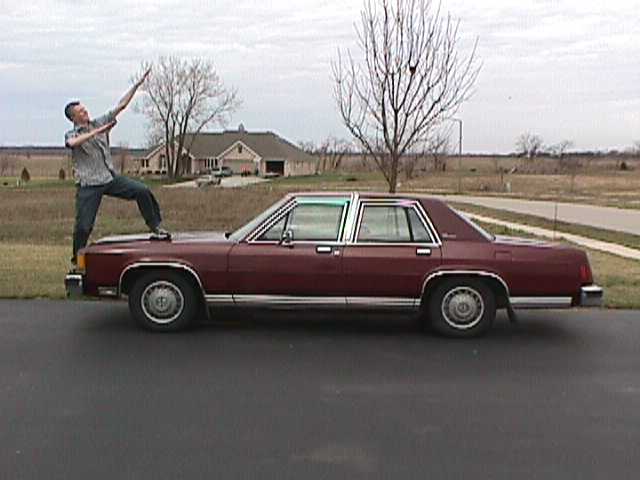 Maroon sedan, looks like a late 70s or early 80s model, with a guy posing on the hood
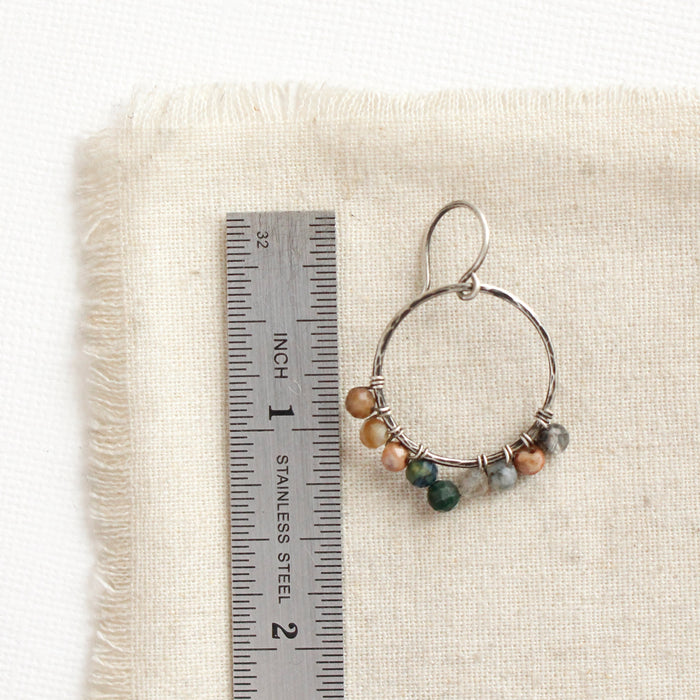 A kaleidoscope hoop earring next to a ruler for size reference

◇ ◇ ◇ ◇ ◇ ◇ ◇

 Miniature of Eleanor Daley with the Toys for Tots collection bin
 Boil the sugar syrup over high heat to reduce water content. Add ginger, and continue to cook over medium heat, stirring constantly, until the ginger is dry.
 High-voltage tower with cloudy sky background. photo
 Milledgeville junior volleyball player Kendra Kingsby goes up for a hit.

◇ ◇ ◇ ◇ ◇ ◇ ◇

_Task instructions:_
Where the data above reaches the line holding "Miniature of Eleanor", begin printing, and stop after the line holding "Milledgeville junior volleyball". Each line must be reproduced exactly, with nothing else added.

_Written reply:_
 Miniature of Eleanor Daley with the Toys for Tots collection bin
 Boil the sugar syrup over high heat to reduce water content. Add ginger, and continue to cook over medium heat, stirring constantly, until the ginger is dry.
 High-voltage tower with cloudy sky background. photo
 Milledgeville junior volleyball player Kendra Kingsby goes up for a hit.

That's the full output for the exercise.